▶ **Exercise**
As an exercise in exact copying, transcribe the lines below from the one holding "ELAN 2-Hole Button" through the last, with both ends included and pictures left out.

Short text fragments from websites
^^^^^^^^
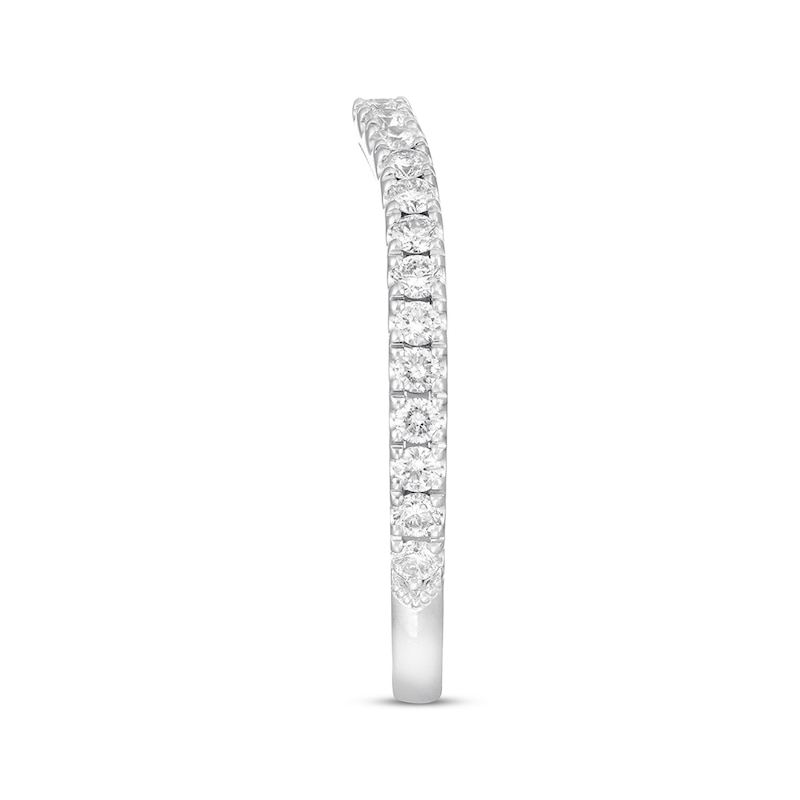 Main Image 2 of Previously Owned Neil Lane Diamond Wedding Band 3/8 ct tw Round-cut 14K White Gold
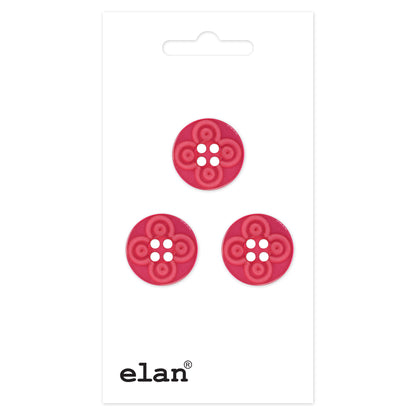 ELAN 2-Hole Button — 15 mm (5/8 in.) — 3 Count
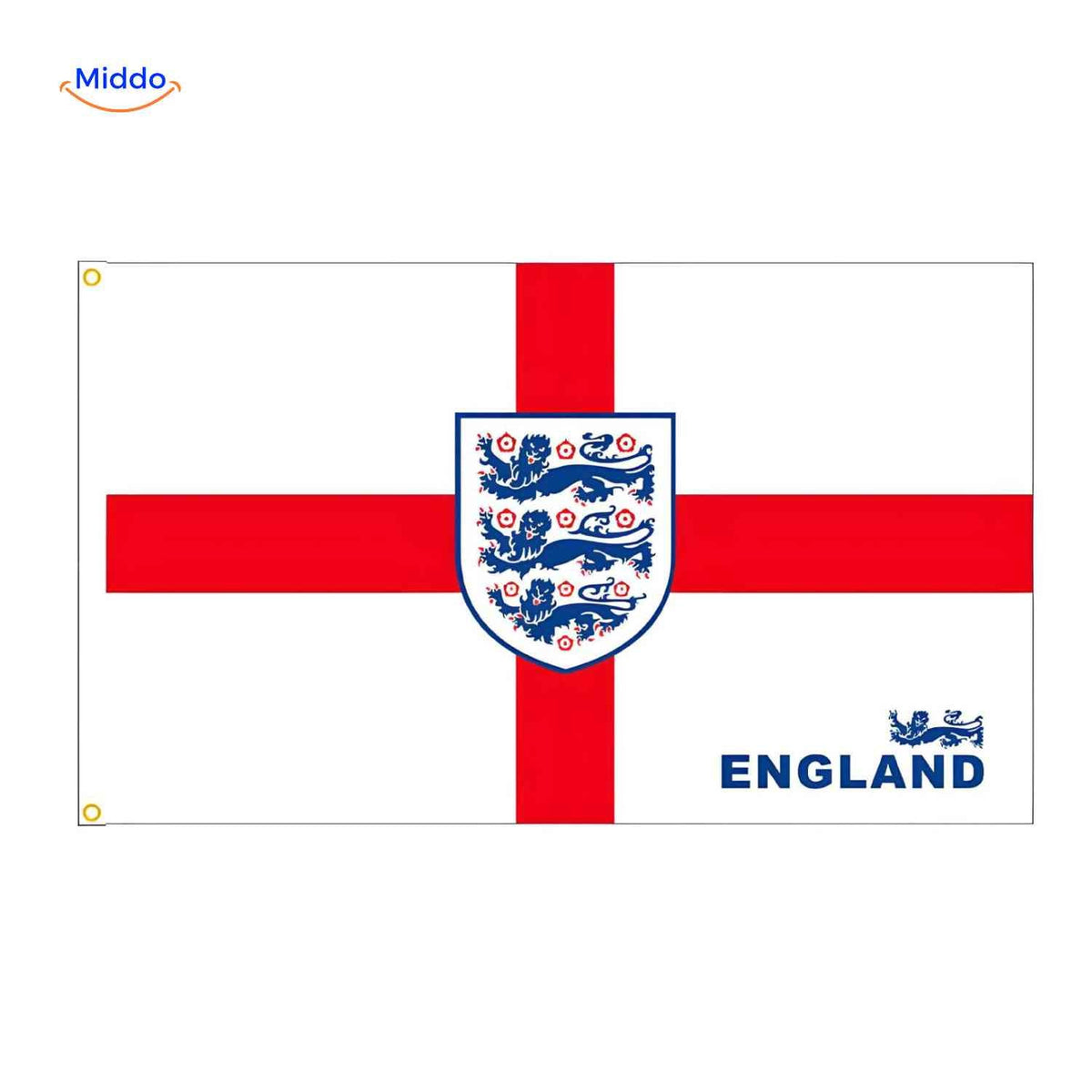 Flagora Flaggen England Flagge Fußballverband Logo www.middo.de
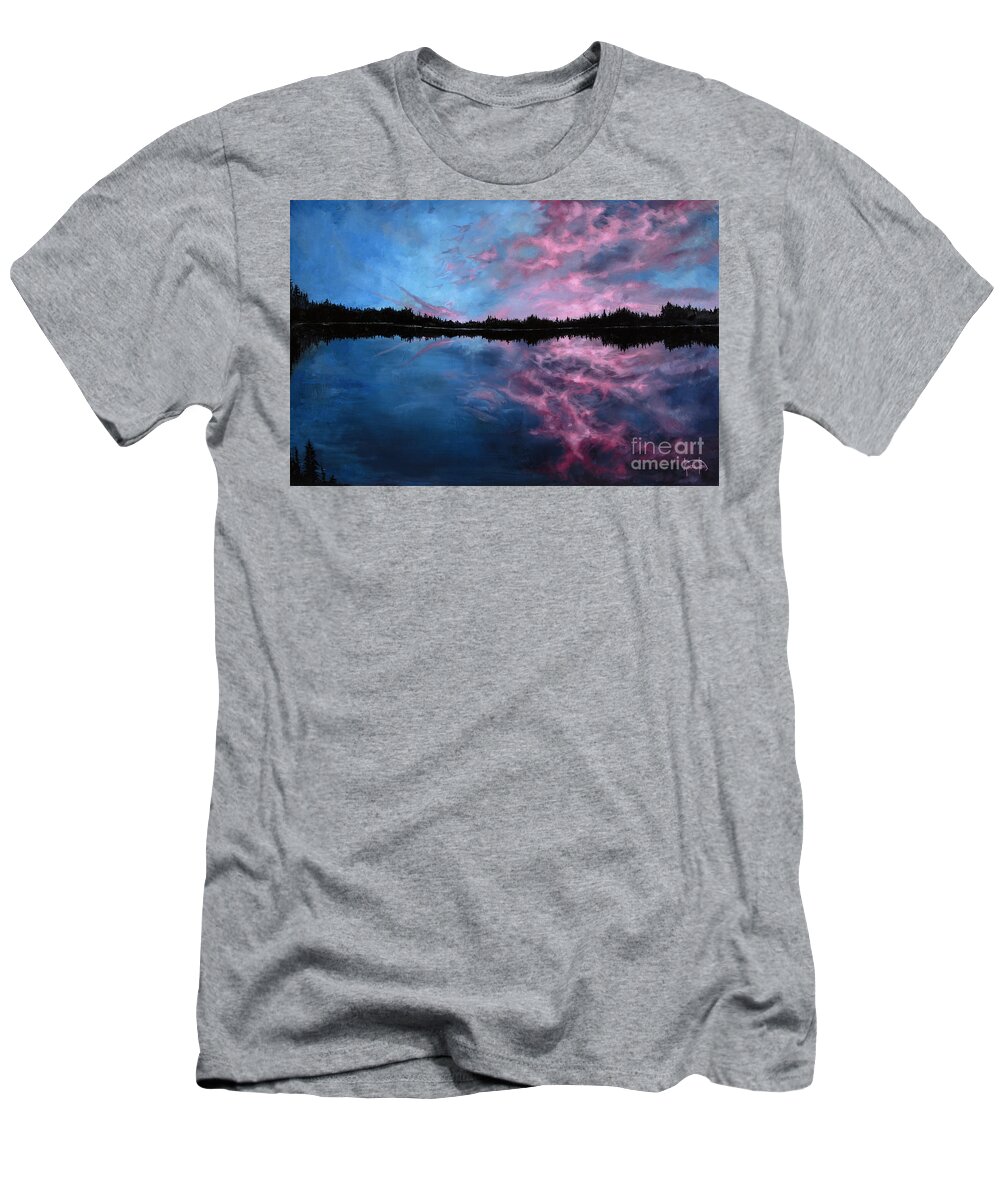 Reflections T-Shirt featuring the painting Reflections by Averi Iris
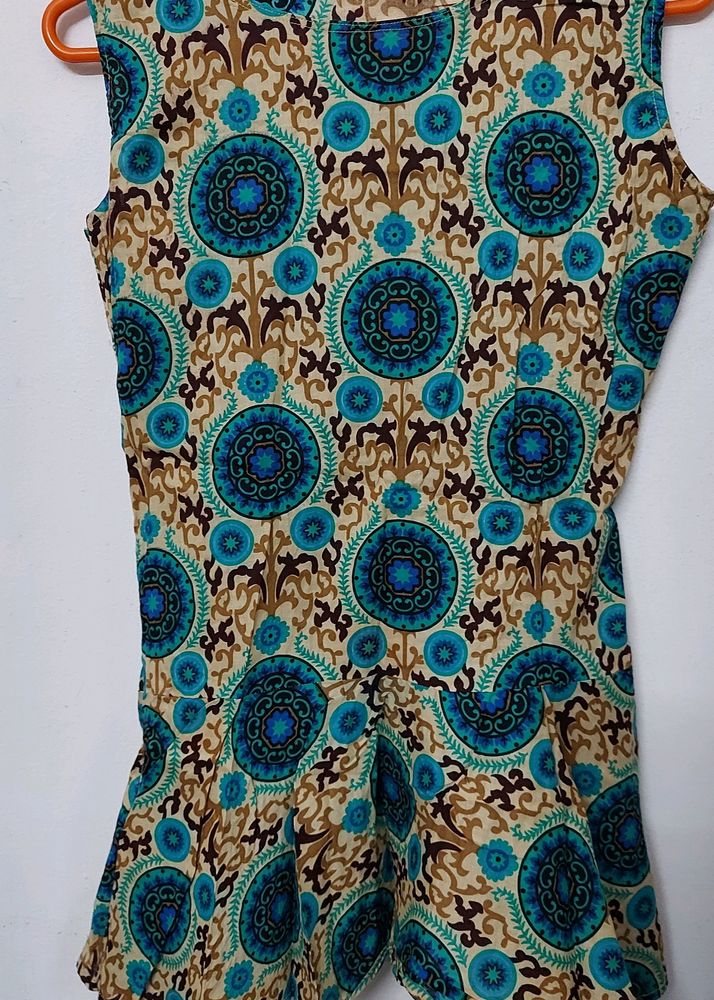 Sleeveless Tailor Stiched Kurta For Daily Wear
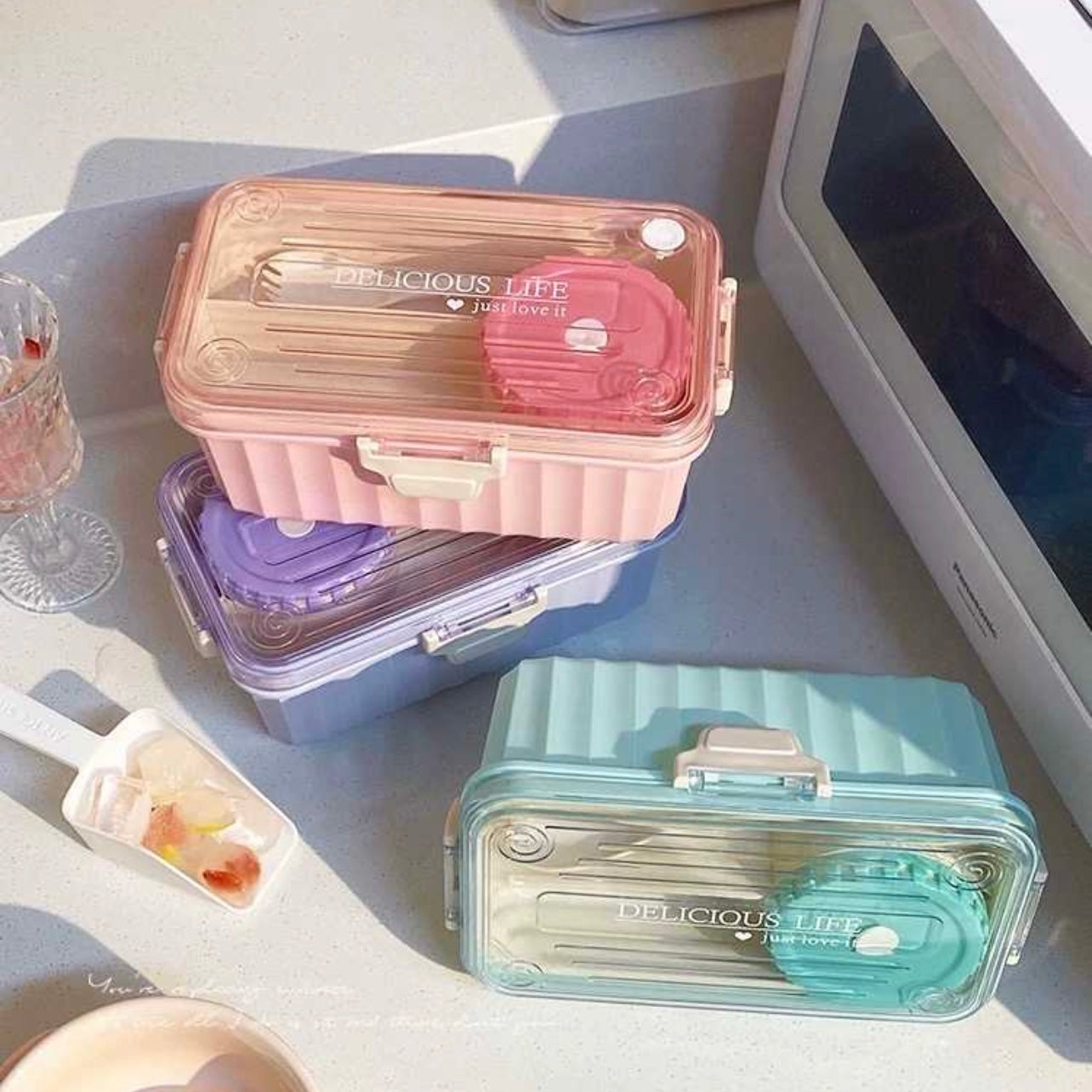 Lunchbox 2 Niveles. 23x22x9Cms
^^^^^^^^
▶ **Exercise answer**
 ELAN 2-Hole Button — 15 mm (5/8 in.) — 3 Count
 Flagora Flaggen England Flagge Fußballverband Logo www.middo.de
 Reflections T-Shirt featuring the painting Reflections by Averi Iris
 Sleeveless Tailor Stiched Kurta For Daily Wear
 Lunchbox 2 Niveles. 23x22x9Cms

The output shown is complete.